Ich hab's ausgedruckt und lese es vor.
"Die erste Frage, die Sie stellen werden,
und die ich beantworten muss, ist:
Was bringt es auf den Everest zu steigen?
Meine Antwort ist, dass es keinen Sinn macht.
Es gibt nicht mal die kleinste Aussicht auf Gewinn.

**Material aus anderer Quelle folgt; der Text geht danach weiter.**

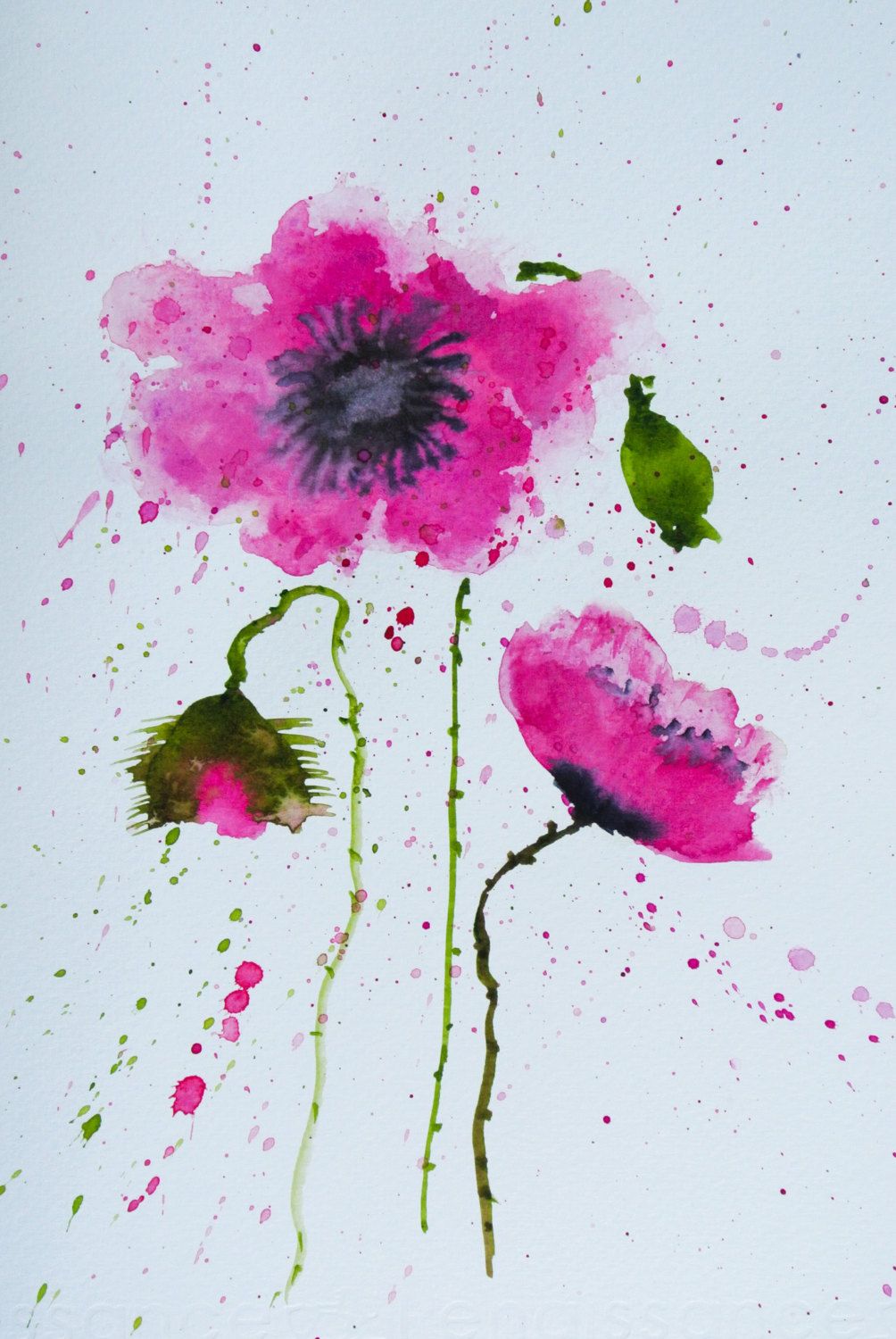 1004x1500 Pink Poppy Flower Original Small Watercolor Painting, Flower - Watercolor Painting Illustrator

Wir lernen etwas über das Verhalten
des menschlichen Körpers in grosser Höhe
und vielleicht werden Mediziner diese Beobachtung
zum Zweck der Luftfahrt verwenden.
Aber ansonsten hat man nichts davon.
Wir werden keine Gold- oder Silberstückchen,
Edelstein, Kohle oder Eisen, mitbringen.
Wir werden kein Fleckchen Erde finden,
um Nutzpflanzen zu züchten. Also hat es keinen Sinn.
Wenn Sie nicht verstehen,
dass etwas im Menschen gibt,
das auf die Herausforderung des Bergs reagiert,
und es mit ihr aufnimmt; dass der Kampf
der Lebenskampf selbst ist, immer nach oben,
dann verstehen Sie nicht, wieso wir losgehen.
Was uns dieses Abenteuer gibt, ist reine Freude,
und Freude ist doch der Lebenszweck.
Wir leben nicht, um zu essen und Geld zu machen.

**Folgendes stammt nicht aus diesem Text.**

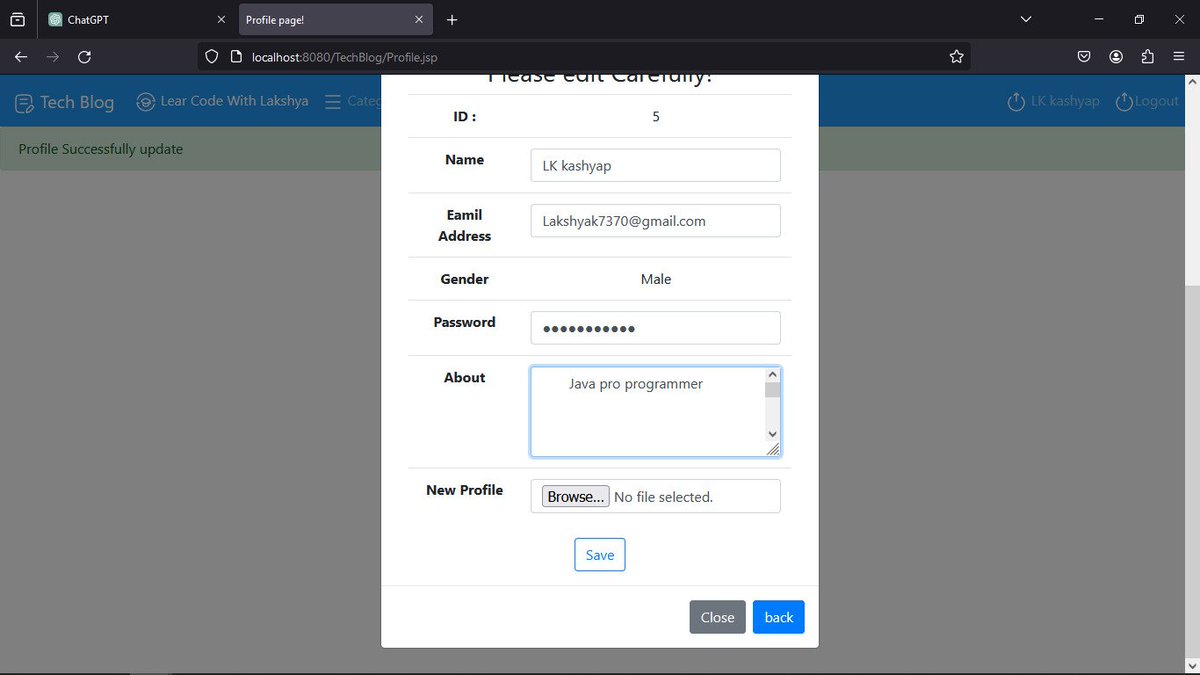Lakshya7370's tweet image. Project's profile page is almost done, with options to edit details and change the profile picture. However, the design isn't great since I'm focusing more on #backend work. If you're interested in practicing a #JavaServlet project too, please have a look at the comments.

Wir essen und machen Geld,
um das Leben zu geniessen.
Das bedeutet Leben und dafür ist das Leben da."
Mallorys Argument, dass es Spaß macht,
sich in diese großen Abenteuer zu stürzen,
stimmt nicht ganz mit meiner Erfahrung überein.

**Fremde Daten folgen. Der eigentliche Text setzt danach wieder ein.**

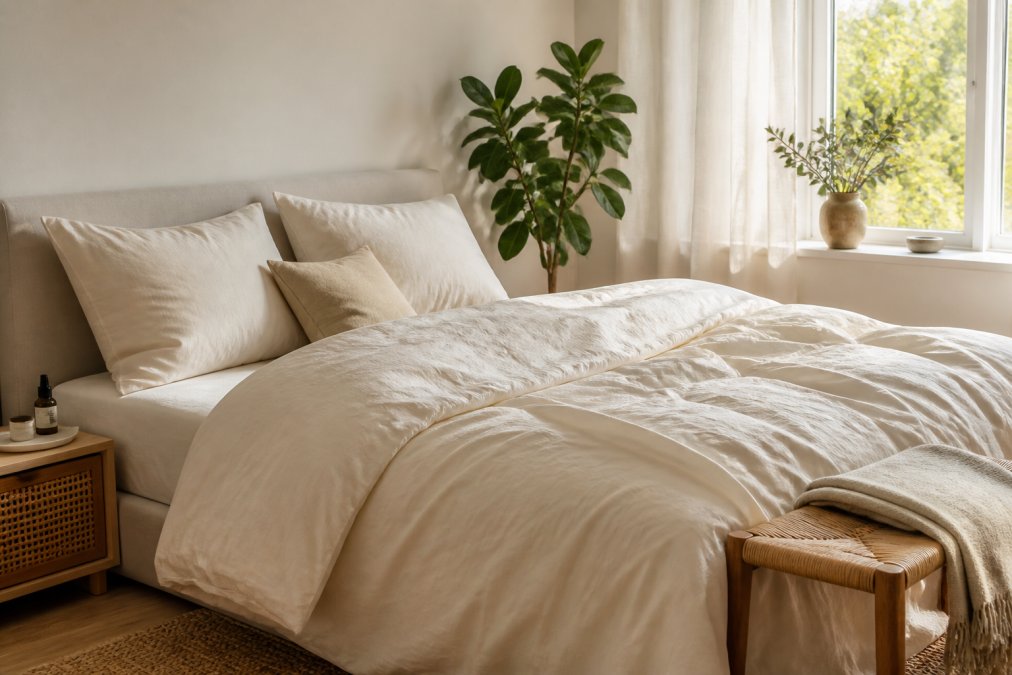 Gemütliches Schlafzimmerszenario mit hochwertigem Bett, bezogen mit eleganter Bio-Bettwäsche in neutralen Farben, weiche Morgenlichtstimmung, Kissen und Decke sichtbar, hochwertige Textilien deutlich erkennbar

Am weitesten von meiner Haustür entfernt
war ich im Frühling 2004. Ich weiss nicht,
was mich überkam, aber mein Plan war,
eine Alleindurchquerung des Arktischen Ozeans zu machen.
Ich plante, von der russischen Nordküste
zum Nordpol und dann entlang
der Nordküste Kanadas zu laufen.
Niemand hatte das getan. Ich war damals 26.
Viele Experten sagten, es wäre unmöglich,
und meine Mutter war nicht begeistert.
(Gelächter)
Die Reise von einer kleinen Wetterstation
an der Nordküste Sibiriens bis zum Startpunkt,
der Packeisgrenze, der Küste des arktischen Ozeans,
dauerte ca. 5 Stunden. Wenn Sie den Aufstieg
Felix Baumgartners sahen, statt nur den Sprung,
werden Sie das Gefühl von Besorgnis nachempfinden
als ich im Helikopter gen Norden brauste
mit dem Gefühl drohender Gefahren.
Ich wunderte mich, wo ich da hineingeraten war.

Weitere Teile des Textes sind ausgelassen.